Problem Understanding

We are given an undirected tree with $n$ vertices. The task is to assign each vertex one of three labels, $a$, $b$, or $c$, so that no edge connects two vertices with the same label. Among all such valid assignments, we are asked to produce the lexicographically smallest string formed by concatenating the labels of vertices in order from $1$ to $n$.

The tree structure matters only through adjacency constraints. The requirement is purely local on edges, but the objective is global because lexicographic order depends on the entire string. This combination forces us to choose labels greedily with awareness of future conflicts.

The constraints allow up to $2 \cdot 10^5$ vertices, which rules out any exponential backtracking or per-vertex brute-force checking of all labelings. Even trying three choices per node without pruning leads to $3^n$, which is completely infeasible. Any valid solution must run in linear or near-linear time, essentially $O(n)$ or $O(n \log n)$.

A subtle failure mode appears when a naive greedy strategy is used without respecting tree structure. For example, always assigning the smallest possible label locally without considering parent constraints can get stuck later.

Consider a simple path $1 - 2 - 3$. If we assign $s_1 = a$, then greedily assign $s_2 = a$ as well because it is locally smallest, we immediately violate constraints, but even if we enforce validity locally, choosing $s_2 = b$ and then $s_3 = a$ gives “aba”, which is correct.

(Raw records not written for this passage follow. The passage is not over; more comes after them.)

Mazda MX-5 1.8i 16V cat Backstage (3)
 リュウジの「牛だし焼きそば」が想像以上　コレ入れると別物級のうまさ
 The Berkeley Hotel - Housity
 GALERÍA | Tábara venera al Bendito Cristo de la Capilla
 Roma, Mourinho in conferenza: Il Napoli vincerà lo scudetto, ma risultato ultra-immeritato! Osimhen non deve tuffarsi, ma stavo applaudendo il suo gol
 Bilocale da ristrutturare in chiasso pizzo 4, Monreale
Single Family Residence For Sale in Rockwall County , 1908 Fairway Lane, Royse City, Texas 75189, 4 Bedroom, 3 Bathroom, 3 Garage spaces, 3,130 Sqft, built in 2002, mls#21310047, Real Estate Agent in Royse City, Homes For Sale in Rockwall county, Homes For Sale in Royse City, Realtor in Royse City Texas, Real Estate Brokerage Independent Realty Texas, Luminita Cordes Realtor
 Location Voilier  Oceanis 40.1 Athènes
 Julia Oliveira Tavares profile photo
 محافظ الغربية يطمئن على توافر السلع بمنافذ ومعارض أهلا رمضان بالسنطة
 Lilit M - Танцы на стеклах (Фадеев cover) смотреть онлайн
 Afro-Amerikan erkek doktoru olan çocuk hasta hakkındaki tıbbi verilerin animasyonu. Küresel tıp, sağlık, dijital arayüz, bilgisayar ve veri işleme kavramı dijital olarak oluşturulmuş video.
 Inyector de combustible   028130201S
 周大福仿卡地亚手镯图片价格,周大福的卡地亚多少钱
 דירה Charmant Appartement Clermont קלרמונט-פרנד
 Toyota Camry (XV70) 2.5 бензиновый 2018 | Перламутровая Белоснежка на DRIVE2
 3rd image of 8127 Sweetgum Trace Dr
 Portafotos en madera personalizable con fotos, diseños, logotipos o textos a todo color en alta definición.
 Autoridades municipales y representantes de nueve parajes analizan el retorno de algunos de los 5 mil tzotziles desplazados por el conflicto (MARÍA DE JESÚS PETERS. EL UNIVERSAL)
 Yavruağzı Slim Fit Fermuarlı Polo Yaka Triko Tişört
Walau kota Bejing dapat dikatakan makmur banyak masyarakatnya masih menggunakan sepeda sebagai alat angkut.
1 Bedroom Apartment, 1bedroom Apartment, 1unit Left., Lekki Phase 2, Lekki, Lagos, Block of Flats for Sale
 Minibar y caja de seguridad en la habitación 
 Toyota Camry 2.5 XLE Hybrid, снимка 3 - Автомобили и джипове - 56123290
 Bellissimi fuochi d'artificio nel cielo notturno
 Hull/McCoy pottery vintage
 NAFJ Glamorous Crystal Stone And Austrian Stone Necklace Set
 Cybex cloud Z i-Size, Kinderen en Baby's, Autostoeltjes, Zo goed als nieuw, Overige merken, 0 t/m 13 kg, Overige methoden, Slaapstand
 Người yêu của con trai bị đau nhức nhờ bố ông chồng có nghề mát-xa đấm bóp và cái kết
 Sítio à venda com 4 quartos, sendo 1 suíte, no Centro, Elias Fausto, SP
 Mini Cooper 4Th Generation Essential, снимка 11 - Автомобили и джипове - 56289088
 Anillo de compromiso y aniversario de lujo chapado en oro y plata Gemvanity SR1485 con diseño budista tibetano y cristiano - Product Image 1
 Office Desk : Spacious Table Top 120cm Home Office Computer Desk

However, in a branching structure like a star rooted at 1 with neighbors 2, 3, 4, a careless approach might assign all children greedily as “a” if they are processed independently, producing an invalid output such as “aaa?” which violates constraints on every edge.

Another subtle issue arises from traversal order. If we process nodes in DFS order without fixing a parent-first dependency, we might assign a child before knowing its parent’s final label in some incorrect implementations. That leads to inconsistent decisions and invalid results.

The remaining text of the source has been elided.